Optimizing insect metabarcoding using replicated mock communities
Peer reviewed, Journal article
MetadataShow full item record
- Scientific articles 
Original versionMethods in Ecology and Evolution. 2023, 14 (4), 1130-1146. 10.1111/2041-210X.14073
Metabarcoding (high-throughput sequencing of marker gene amplicons) has emerged as a promising and cost-effective method for characterizing insect community samples. Yet, the methodology varies greatly among studies and its performance has not been systematically evaluated to date. In particular, it is unclear how accurately metabarcoding can resolve species communities in terms of presence-absence, abundance and biomass. Here we use mock community experiments and a simple probabilistic model to evaluate the effect of different DNA extraction protocols on metabarcoding performance. Specifically, we ask four questions: (Q1) How consistent are the recovered community profiles across replicate mock communities?; (Q2) How does the choice of lysis buffer affect the recovery of the original community?; (Q3) How are community estimates affected by differing lysis times and homogenization? and (Q4) Is it possible to obtain adequate species abundance estimates through the use of biological spike-ins? We show that estimates are quite variable across community replicates. In general, a mild lysis protocol is better at reconstructing species lists and approximate counts, while homogenization is better at retrieving biomass composition. Small insects are more likely to be detected in lysates, while some tough species require homogenization to be detected.
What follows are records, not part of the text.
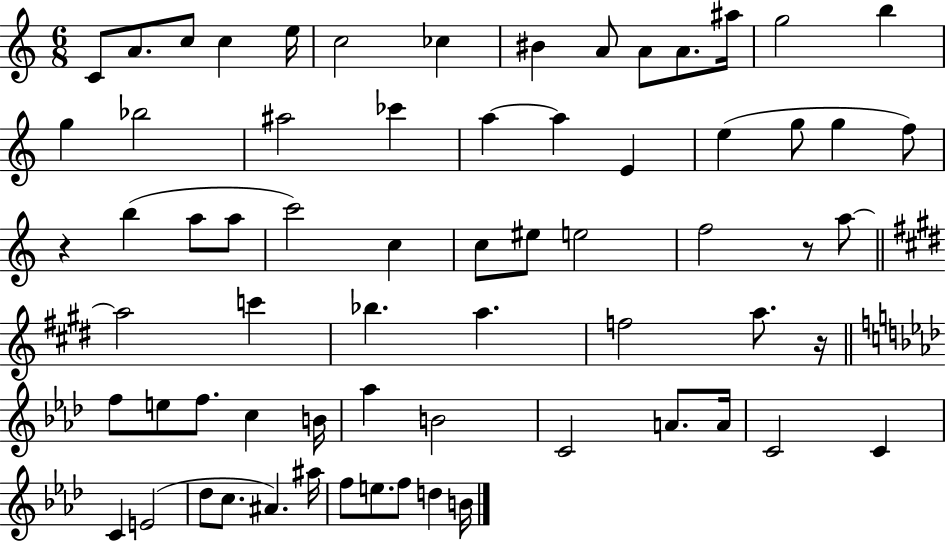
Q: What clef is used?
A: treble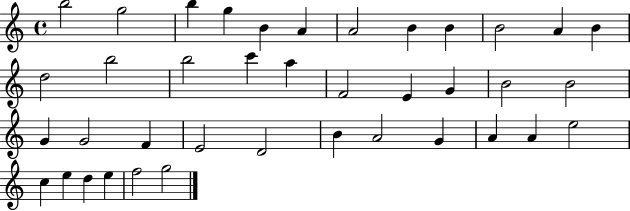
B5/h G5/h B5/q G5/q B4/q A4/q A4/h B4/q B4/q B4/h A4/q B4/q D5/h B5/h B5/h C6/q A5/q F4/h E4/q G4/q B4/h B4/h G4/q G4/h F4/q E4/h D4/h B4/q A4/h G4/q A4/q A4/q E5/h C5/q E5/q D5/q E5/q F5/h G5/h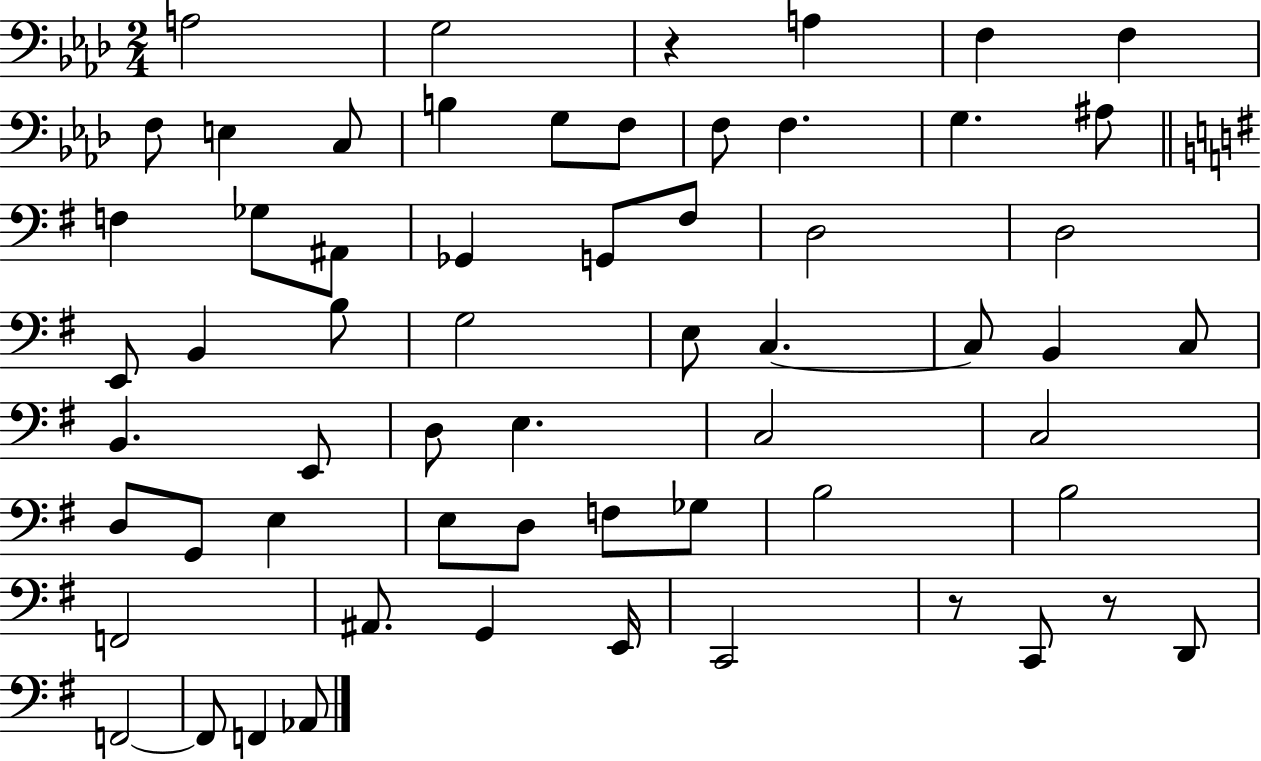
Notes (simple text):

A3/h G3/h R/q A3/q F3/q F3/q F3/e E3/q C3/e B3/q G3/e F3/e F3/e F3/q. G3/q. A#3/e F3/q Gb3/e A#2/e Gb2/q G2/e F#3/e D3/h D3/h E2/e B2/q B3/e G3/h E3/e C3/q. C3/e B2/q C3/e B2/q. E2/e D3/e E3/q. C3/h C3/h D3/e G2/e E3/q E3/e D3/e F3/e Gb3/e B3/h B3/h F2/h A#2/e. G2/q E2/s C2/h R/e C2/e R/e D2/e F2/h F2/e F2/q Ab2/e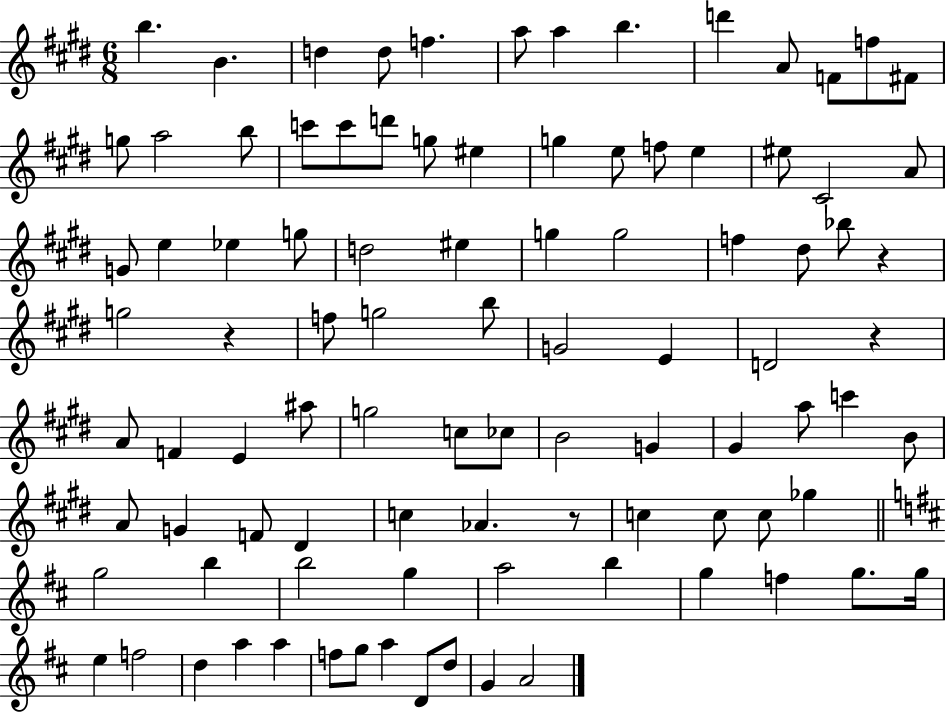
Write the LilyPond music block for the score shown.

{
  \clef treble
  \numericTimeSignature
  \time 6/8
  \key e \major
  b''4. b'4. | d''4 d''8 f''4. | a''8 a''4 b''4. | d'''4 a'8 f'8 f''8 fis'8 | \break g''8 a''2 b''8 | c'''8 c'''8 d'''8 g''8 eis''4 | g''4 e''8 f''8 e''4 | eis''8 cis'2 a'8 | \break g'8 e''4 ees''4 g''8 | d''2 eis''4 | g''4 g''2 | f''4 dis''8 bes''8 r4 | \break g''2 r4 | f''8 g''2 b''8 | g'2 e'4 | d'2 r4 | \break a'8 f'4 e'4 ais''8 | g''2 c''8 ces''8 | b'2 g'4 | gis'4 a''8 c'''4 b'8 | \break a'8 g'4 f'8 dis'4 | c''4 aes'4. r8 | c''4 c''8 c''8 ges''4 | \bar "||" \break \key d \major g''2 b''4 | b''2 g''4 | a''2 b''4 | g''4 f''4 g''8. g''16 | \break e''4 f''2 | d''4 a''4 a''4 | f''8 g''8 a''4 d'8 d''8 | g'4 a'2 | \break \bar "|."
}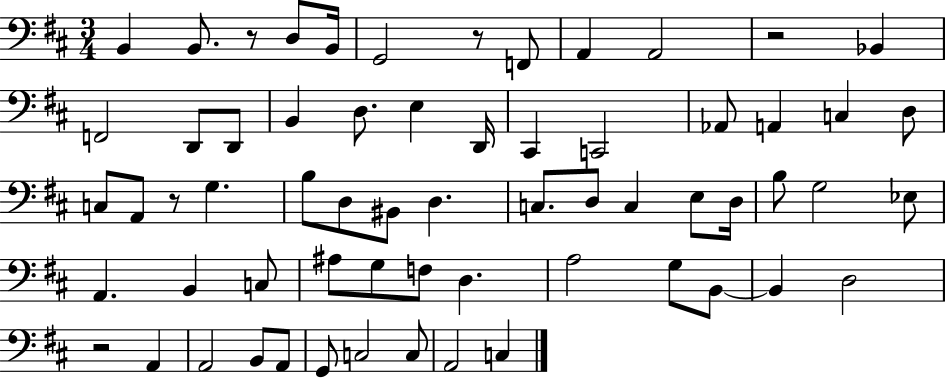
{
  \clef bass
  \numericTimeSignature
  \time 3/4
  \key d \major
  b,4 b,8. r8 d8 b,16 | g,2 r8 f,8 | a,4 a,2 | r2 bes,4 | \break f,2 d,8 d,8 | b,4 d8. e4 d,16 | cis,4 c,2 | aes,8 a,4 c4 d8 | \break c8 a,8 r8 g4. | b8 d8 bis,8 d4. | c8. d8 c4 e8 d16 | b8 g2 ees8 | \break a,4. b,4 c8 | ais8 g8 f8 d4. | a2 g8 b,8~~ | b,4 d2 | \break r2 a,4 | a,2 b,8 a,8 | g,8 c2 c8 | a,2 c4 | \break \bar "|."
}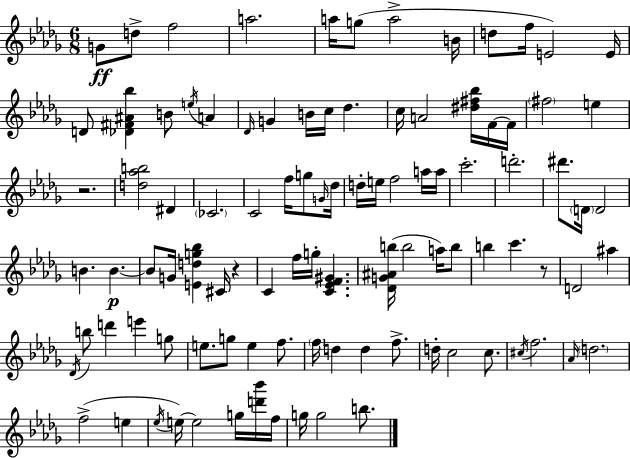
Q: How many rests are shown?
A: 3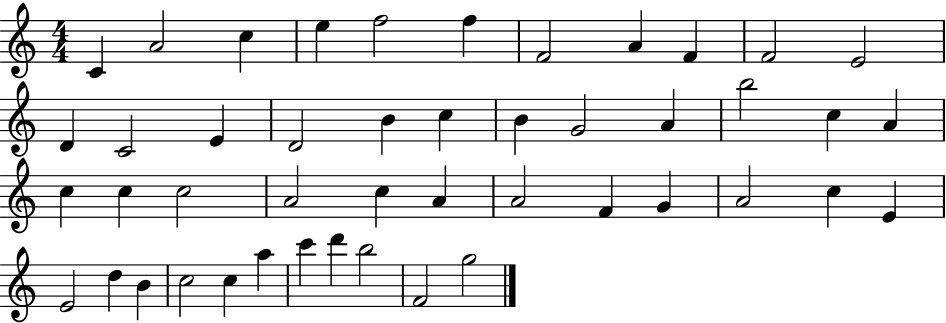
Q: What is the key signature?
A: C major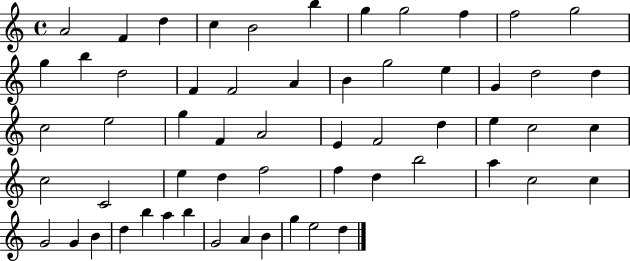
A4/h F4/q D5/q C5/q B4/h B5/q G5/q G5/h F5/q F5/h G5/h G5/q B5/q D5/h F4/q F4/h A4/q B4/q G5/h E5/q G4/q D5/h D5/q C5/h E5/h G5/q F4/q A4/h E4/q F4/h D5/q E5/q C5/h C5/q C5/h C4/h E5/q D5/q F5/h F5/q D5/q B5/h A5/q C5/h C5/q G4/h G4/q B4/q D5/q B5/q A5/q B5/q G4/h A4/q B4/q G5/q E5/h D5/q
Results are less consistent across biological replicates for lysates than for homogenates. Some species are associated with strong PCR amplification bias, which complicates the reconstruction of species counts. Yet, with adequate spike-in data, species abundance can be determined with roughly 40% standard error for homogenates, and with roughly 50% standard error for lysates, under ideal conditions. In the latter case, however, this often requires species-specific reference data, while spike-in data generalize better across species for homogenates. We conclude that a non-destructive, mild lysis approach shows the highest promise for the presence/absence description of the community, while also allowing future morphological or molecular work on the material. However, homogenization protocols perform better for characterizing community composition, in particular in terms of biomass.